Let's start at the beginning. First, Dan cut pine boards down into the predetermined sizes for each chalkboard. We were making five chalkboards, four small hand held ones and one bigger hang-on-the-wall one. The next step was to engrave each kids name into the back of their board. We only did this to the four smaller ones. Dan printed off each kids' name on a sheet of paper in the chosen font.
Then he taped the paper to the board and using his router he carved out the name.
He repeated this four times for each name and they all looked great when he was done.
Our next step was sanding them down until smooth. Dan also put wood putty in any holes, dents or scratches on each board so that there wouldn't be any areas that would catch the chalk. While the wood putty was drying, we measured and cut the trim for the edges. We used a mitre box and a hack saw to do this.
I cut a total of two cuts. It was too hard for my weak little arms and I couldn't keep the saw straight so I kept cutting down into the box. Oops! Dan did the remaining 38 cuts or so.
We had to test out each piece of trim to make sure it fit well with all the others. It took a long time and we were tired by the end.

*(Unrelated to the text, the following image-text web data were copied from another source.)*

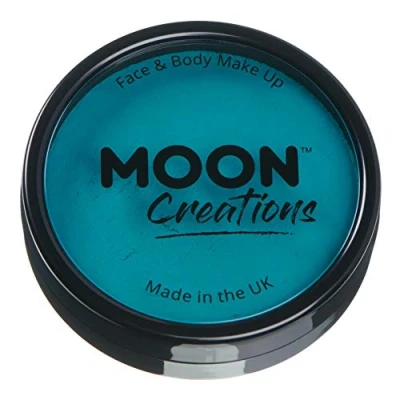 Image of Moon Creations Pro Face &amp; Body Makeup Teal 36g Professional Colour Paint Cake Pots For Painting Kids, Adults, Fancy Dress, Festivals, Halloween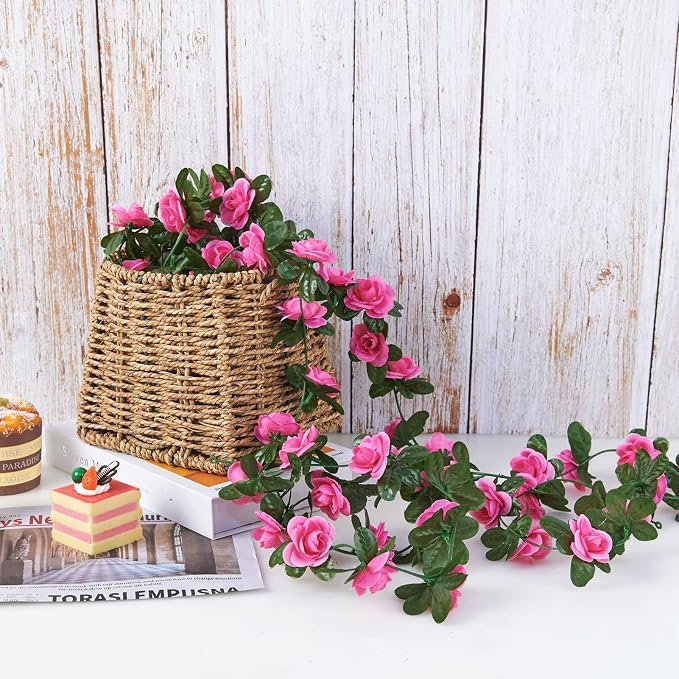 Artificial Flower Garland 6pcs 8.2ft Rose Vine Decor, Magenta Flower | PONKING - Image 6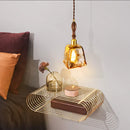 Helnys Vintage Wood Copper Pendant Lights Amber Glass Japanese Style LED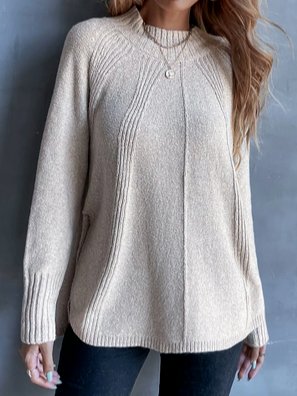 Plain Wool/Knitting Crew Neck Casual Sweater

Once the trim was all measured and the wood putty dry, we sanded them all down and rounded out the corners in the back so that they would be easier to be held by small hands. Next step, taping them off and applying the chalkboard paint.
We purchased two spray cans of paint from Canadian Tire for approximately $5 and each. This same paint can also be found at Michael's but for more than double the price. So I would shop around. Really though, any chalkboard paint would work. We did a lot of coats. I lost count actually. Especially since after some of them had been painted, we realized they needed to be touched up with some more wood putty, re-sanded and then repainted. Our advice, make sure the boards are as smooth and perfect as possible before applying the chalkboard paint. It turned out fine in the end but we added some unnecessary steps.
Once the boards were ready, we got to painting the trim. We had each set all wrapped up with the names on them. We wanted to make sure everything would fit once we went to put them together.
We chose four colours according to the favourite colour of each kid. We purchased little tester cans at Canadian Tire for $5 a piece.
Then we got to the tedious job of painting small strips of trim.
This is where we finished off that night. All the trim painted and drying.
The next night we nailed the trim onto each board. Another job that you had to be really careful not to mess up. We needed to make sure everything still lined up well and hold things tightly in place while the nails went in.
Once all the trim was attached, we stepped back and beamed at the progress we were making.
Then we flipped them over and got to painting the backs.
Once the backs were dry, we flipped them over again and touched up the sides and front and filled in the nail holes the best we could with paint.
I then painted the backs of the last two chalkboards.
One of the last steps was painting in the names with black paint so that they showed up better. I think I had a hand cramp by the time I was done.
But look how good they look!
We needed to do some last minute touch ups on the fronts again and since Dan's youngest sister Sam was over, she helped out.
We are very pleased with these chalkboards and are extremely proud of ourselves for making them. Dan was the brains behind the operation so I would like to give him full credit for planning them out and doing most of the hard work for them. They are so beautiful and I'm sure the kids will have lots of fun with them.